I remember once having a discussion with a guy who knew a lot about professional basketball. He had read an article from a big sample of NBA players who they felt would be the most formidable one-on-one opponent in the league. The answer was fairly unanimous: Vince Carter. Now that’s surprising. Why Carter and not Kobe Bryant or LeBron James or any number of other, far more accomplished, offensive players? The answer, this guy told me, was the same in nearly every case: “you have no idea how hard it is to do the things that Carter does.”
I’ve always remembered that story, because it strikes me that applies to nearly every case where an outsider tries to make sense of an insider’s perspective. We can see all the things that someone, in a different profession than us, does. What we cannot know is the relative difficulty of those tasks. I know a reverse slam is harder than a simple dunk. But how much harder? And how much harder again would a slam be if you had a defender drapped all over you? (I also know very little about sports as well)

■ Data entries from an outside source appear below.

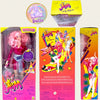 Jem and the holograms Reproduction Doll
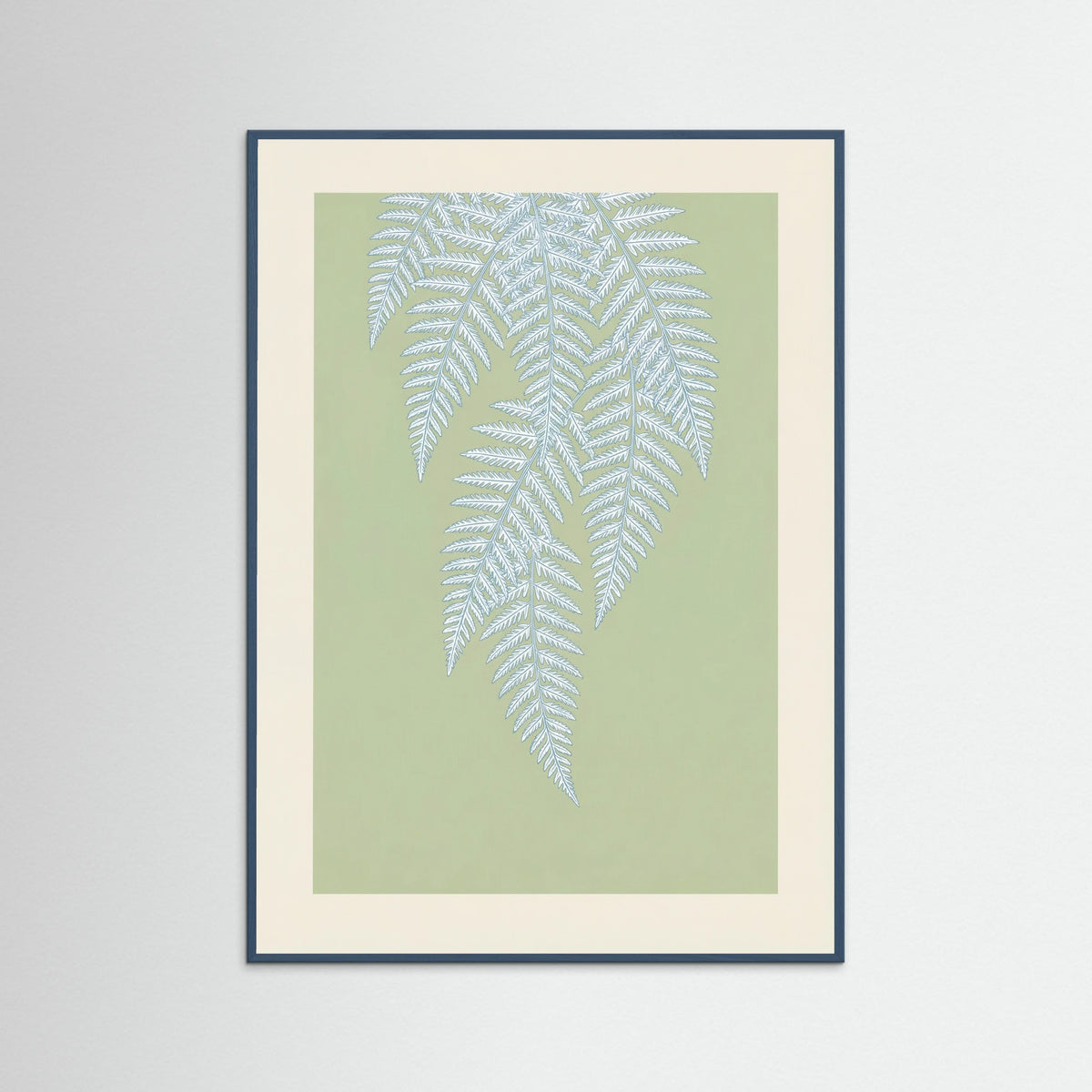 Teal Wood Ginkgo Serenity Mandala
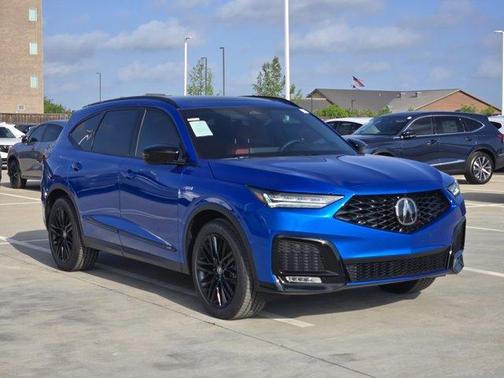 2026 Acura MDX A-Spec Advance Package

I was really bored one day and was actually watching golf. I remember watching Phil Mickelson at the PGA (or was it the U.S Open?). He was in the rough, just off the green, and chipped within a few feet of the hole. Ho-hum, I thought. He bogeyed the hole. Mickelson had taken a FULL swing at a ball in an impossible lie and sent it 20 feet, to within an easy putt of the hole. I’ve never played golf, so I had no idea how hard that was, or why that was anything special. The announcer, though, had a completely different perspective.
I think that misunderstanding over degree of difficulty issues is one of the major reasons for conflict between insiders and outsiders. We bridle at the school teacher who asks for a raise, because we don’t realize–and we can never realize unless we’ve been a teacher ourselves–how hard being a school teacher is. Mickelson shoots 75 and says, afterward, he thought he had a great round and we scoff, but only because we don’t know golf the way he does and we don’t understand how insanely difficult that chip shot was.
thais an interesting way of looking at things, great post.